- **What you should do**: From the line containing "Pulover, O'Neill LW" through the last line of the data, return those lines exactly as written and nothing more.

- **Source data**:
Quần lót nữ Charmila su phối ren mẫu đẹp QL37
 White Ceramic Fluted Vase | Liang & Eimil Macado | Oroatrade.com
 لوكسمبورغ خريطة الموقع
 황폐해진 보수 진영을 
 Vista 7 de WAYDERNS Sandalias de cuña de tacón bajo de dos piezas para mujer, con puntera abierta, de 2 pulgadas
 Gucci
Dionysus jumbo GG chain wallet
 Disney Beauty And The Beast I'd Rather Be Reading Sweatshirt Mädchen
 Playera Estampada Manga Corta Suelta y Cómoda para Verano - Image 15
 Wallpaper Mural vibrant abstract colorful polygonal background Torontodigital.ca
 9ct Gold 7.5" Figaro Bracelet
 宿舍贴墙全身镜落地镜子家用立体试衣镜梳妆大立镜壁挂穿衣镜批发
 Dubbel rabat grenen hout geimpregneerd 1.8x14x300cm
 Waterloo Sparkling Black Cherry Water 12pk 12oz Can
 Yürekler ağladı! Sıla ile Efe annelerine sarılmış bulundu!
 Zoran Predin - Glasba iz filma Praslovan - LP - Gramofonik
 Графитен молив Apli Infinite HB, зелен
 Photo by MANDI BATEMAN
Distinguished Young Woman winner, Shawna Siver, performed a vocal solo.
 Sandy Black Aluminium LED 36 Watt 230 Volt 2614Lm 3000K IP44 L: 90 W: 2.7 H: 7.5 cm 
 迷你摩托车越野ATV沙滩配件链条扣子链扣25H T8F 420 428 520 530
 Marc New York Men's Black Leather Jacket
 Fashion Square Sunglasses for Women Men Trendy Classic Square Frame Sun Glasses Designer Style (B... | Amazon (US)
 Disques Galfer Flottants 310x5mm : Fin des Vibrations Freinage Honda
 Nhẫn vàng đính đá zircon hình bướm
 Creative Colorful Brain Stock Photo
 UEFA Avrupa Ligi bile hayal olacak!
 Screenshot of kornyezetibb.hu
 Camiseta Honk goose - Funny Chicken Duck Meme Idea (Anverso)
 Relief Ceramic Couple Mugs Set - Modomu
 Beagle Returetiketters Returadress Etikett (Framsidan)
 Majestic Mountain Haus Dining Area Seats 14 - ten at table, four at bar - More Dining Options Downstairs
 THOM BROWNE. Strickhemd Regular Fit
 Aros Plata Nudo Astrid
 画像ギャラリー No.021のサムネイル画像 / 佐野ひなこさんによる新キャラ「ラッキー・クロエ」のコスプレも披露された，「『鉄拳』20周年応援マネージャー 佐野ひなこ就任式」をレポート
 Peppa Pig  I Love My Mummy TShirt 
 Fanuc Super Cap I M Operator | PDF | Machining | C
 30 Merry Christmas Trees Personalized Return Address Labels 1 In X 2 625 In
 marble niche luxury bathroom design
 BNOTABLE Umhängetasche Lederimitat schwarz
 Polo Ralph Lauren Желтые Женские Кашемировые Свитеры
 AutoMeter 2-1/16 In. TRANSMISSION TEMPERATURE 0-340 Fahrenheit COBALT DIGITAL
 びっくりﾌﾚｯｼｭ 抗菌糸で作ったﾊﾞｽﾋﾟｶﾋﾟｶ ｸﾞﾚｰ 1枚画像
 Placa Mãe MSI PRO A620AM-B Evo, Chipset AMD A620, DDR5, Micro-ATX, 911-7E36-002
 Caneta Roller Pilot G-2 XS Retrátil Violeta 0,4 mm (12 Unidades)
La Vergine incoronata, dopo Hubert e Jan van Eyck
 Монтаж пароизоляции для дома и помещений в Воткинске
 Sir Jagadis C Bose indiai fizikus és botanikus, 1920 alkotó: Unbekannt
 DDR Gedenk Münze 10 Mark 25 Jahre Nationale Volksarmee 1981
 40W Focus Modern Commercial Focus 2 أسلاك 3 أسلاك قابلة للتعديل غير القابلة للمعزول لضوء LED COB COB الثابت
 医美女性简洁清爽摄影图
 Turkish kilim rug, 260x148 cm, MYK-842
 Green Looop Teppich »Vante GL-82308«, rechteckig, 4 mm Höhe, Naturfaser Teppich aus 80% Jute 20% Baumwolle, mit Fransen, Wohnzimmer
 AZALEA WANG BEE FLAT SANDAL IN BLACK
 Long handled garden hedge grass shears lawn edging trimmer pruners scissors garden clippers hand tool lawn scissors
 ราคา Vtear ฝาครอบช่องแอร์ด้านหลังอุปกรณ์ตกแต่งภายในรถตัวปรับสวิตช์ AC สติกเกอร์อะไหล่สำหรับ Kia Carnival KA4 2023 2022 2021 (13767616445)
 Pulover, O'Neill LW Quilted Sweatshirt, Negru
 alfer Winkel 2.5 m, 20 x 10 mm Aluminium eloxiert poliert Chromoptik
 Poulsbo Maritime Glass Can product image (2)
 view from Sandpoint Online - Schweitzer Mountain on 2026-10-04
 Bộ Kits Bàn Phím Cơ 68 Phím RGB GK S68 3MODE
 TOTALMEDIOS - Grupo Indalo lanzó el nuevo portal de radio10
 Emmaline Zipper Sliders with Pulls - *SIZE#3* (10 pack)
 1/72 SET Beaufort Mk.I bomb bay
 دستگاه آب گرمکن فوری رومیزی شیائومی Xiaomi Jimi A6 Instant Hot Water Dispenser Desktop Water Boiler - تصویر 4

- **Solution to the problem**:
 Pulover, O'Neill LW Quilted Sweatshirt, Negru
 alfer Winkel 2.5 m, 20 x 10 mm Aluminium eloxiert poliert Chromoptik
 Poulsbo Maritime Glass Can product image (2)
 view from Sandpoint Online - Schweitzer Mountain on 2026-10-04
 Bộ Kits Bàn Phím Cơ 68 Phím RGB GK S68 3MODE
 TOTALMEDIOS - Grupo Indalo lanzó el nuevo portal de radio10
 Emmaline Zipper Sliders with Pulls - *SIZE#3* (10 pack)
 1/72 SET Beaufort Mk.I bomb bay
 دستگاه آب گرمکن فوری رومیزی شیائومی Xiaomi Jimi A6 Instant Hot Water Dispenser Desktop Water Boiler - تصویر 4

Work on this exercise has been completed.